31 December 2012

Olympian

James Brown at the Olympia, Paris, 1971 - the complete show, with Bootsy Collins on bass. 



Aretha Franklin live in Amsterdam, 1968. 



Monitor: Open Culture

06 December 2012

From St Kilda to King’s Cross

Paul Kelly’s “song memoir” How to Make Gravy (Penguin, 2010) is as expansive and rich in gems as Australia itself. This is no conventional autobiography, and all the better for it. Written using an A-Z of his songs as its structure, it is digressive, thoughtful and honest. He is a raconteur with a sense of history and a guitar at hand to illustrate a point.

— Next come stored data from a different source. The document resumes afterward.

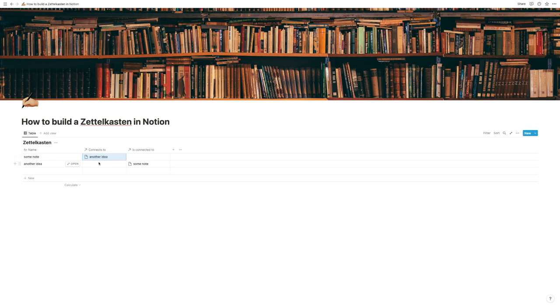The way Zettelkasten works is that we keep dropping in ideas, and whenever we are reminded of an idea connecting to another idea, we add that connection. Over time, we build this web of knowledge and start seeing connections where we didn't before. With just two nodes it's obviously not the most fun, but the more you drop in, the better this will get.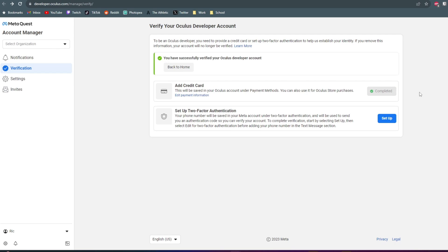So I went ahead and got my account verified. For some reason, I wasn't able to set it up with two-factor authentication. It just wouldn't work, so I went ahead and added my credit card instead.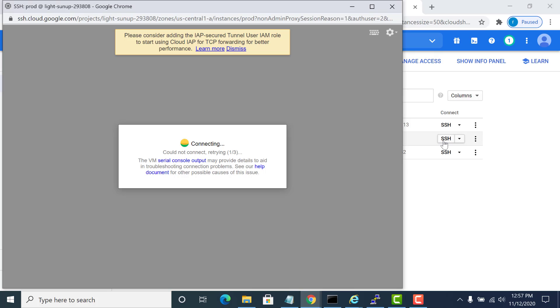So this is how you set up OS login so that you are able to give access to certain instances and not give access to others. Hope this lecture was helpful for you. Thank you.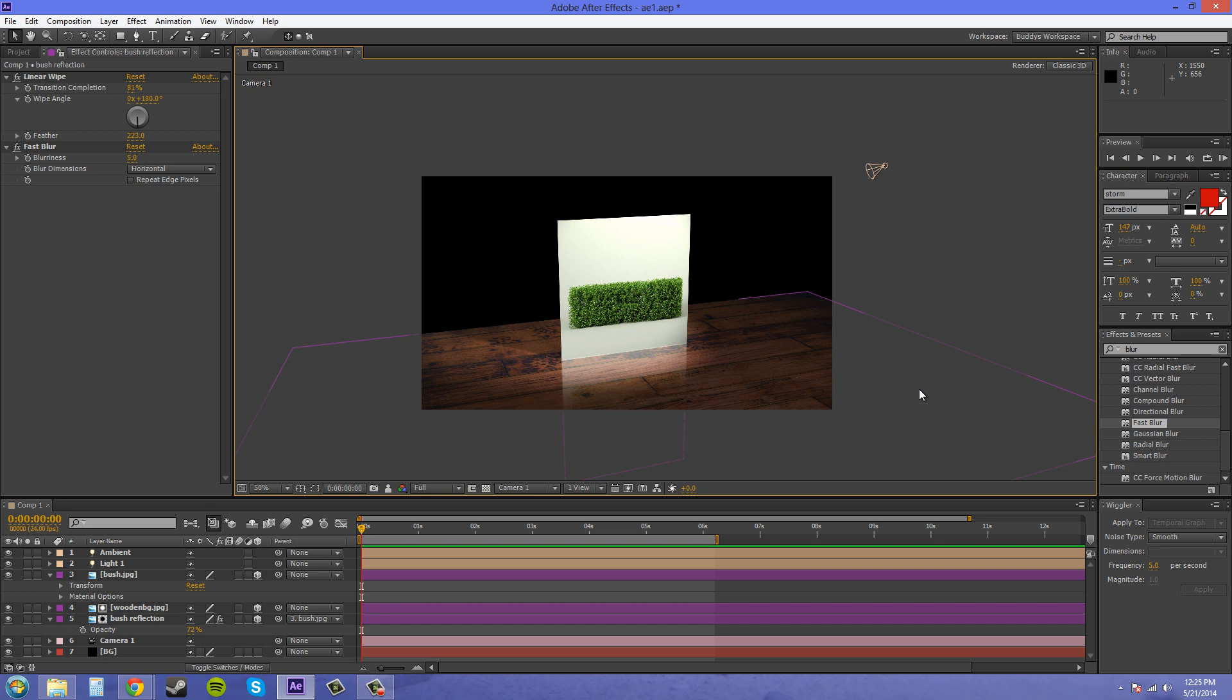But this is how you do it without using any plugins. So thanks for watching this, and hopefully you figured out how to do it and use it whenever you need to make something look a little bit more realistic. Thanks a lot everybody, have a good one.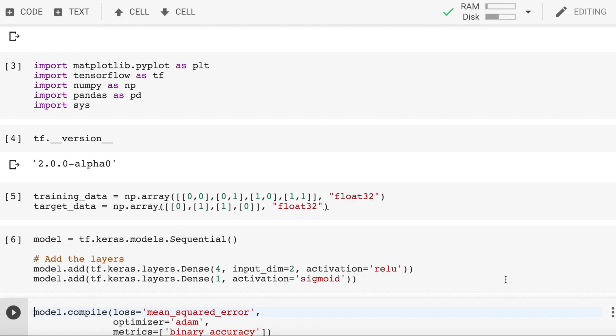The more interesting question now is what does the 4 stand for? 4 basically is a dimension of the output for this layer. If we think about our model in terms of neurons, it means that we have 2 input neurons, input dimension equal to 2, spreading into 4 neurons in a so-called hidden layer.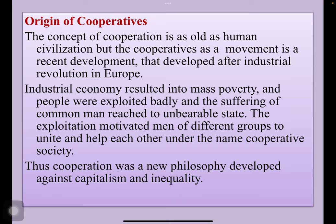The concept of cooperation is as old as human civilization, but cooperatives as a movement is a recent development, especially developed after the industrial revolution in Europe. Industrial economy resulted in mass poverty and people were exploited badly, and the sufferings of the common man reached an unbearable state.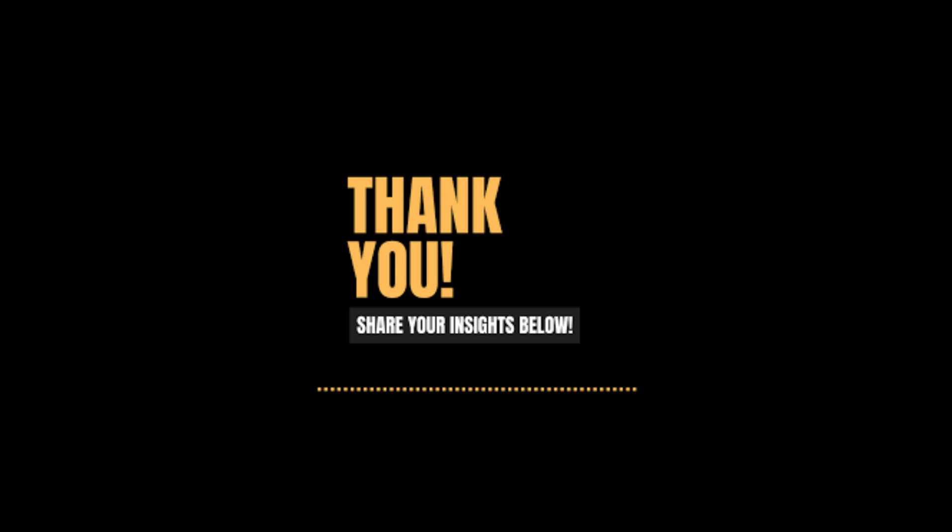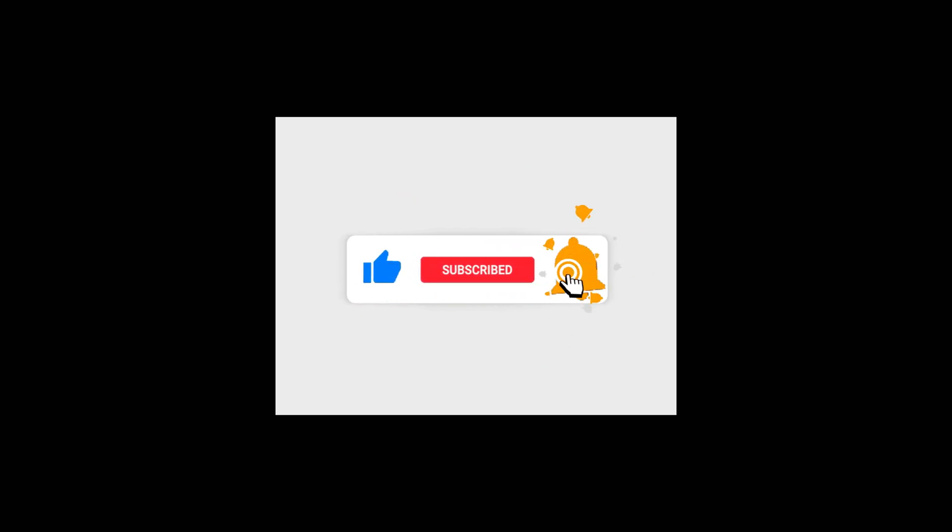And that's a wrap. If you know of any great alternatives to the tools I've mentioned today, drop them in the comments. I'd love to hear your recommendations. Don't forget to like this video and share it with anyone who might find it useful. Your support helps the channel grow and keeps videos like this coming your way. Thanks for watching and until the next video, stay safe and take care.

How to make gravyWith maternal grandparents who were Italian opera singers, and an Irish-Australian father who was a Shakespeare-quoting friend of Don Bradman, Kelly’s love of music and story-telling combine to shape his greatest work and perhaps the most substantial and literary musician’s memoir. (Against this, Dylan’s Chronicles is just an aperitif).

He talks of the joys of big families, touring the outback choking on the tales of Slim Dusty, wasting years and wasting relationships while dabbling in heroin, songwriting friends such as Dragon’s Paul Hewson and Cold Chisel’s Don Walker (“the Clint Eastwood of Australian music”), collaborations with Aboriginal musicians, a pro-active commitment to social justice, and endless summers of cricket. As asides, lyrics and lists (great opening lines for songs, a recipe for gravy, Gary Puckett and the Union Gap’s concept album). The best songs keep nagging you, “like a tongue with a loose tooth”. So does this. Two years after reading it I still don’t feel I’ve quite scraped the best bits off the pan.

A long televised interview with Kelly, conducted by the Go-Betweens’ Robert Forster, is recommended. So too is Forster’s thoughtful essay on Kelly’s work, “Thoughts in the Middle of a Career”, written for The Monthly.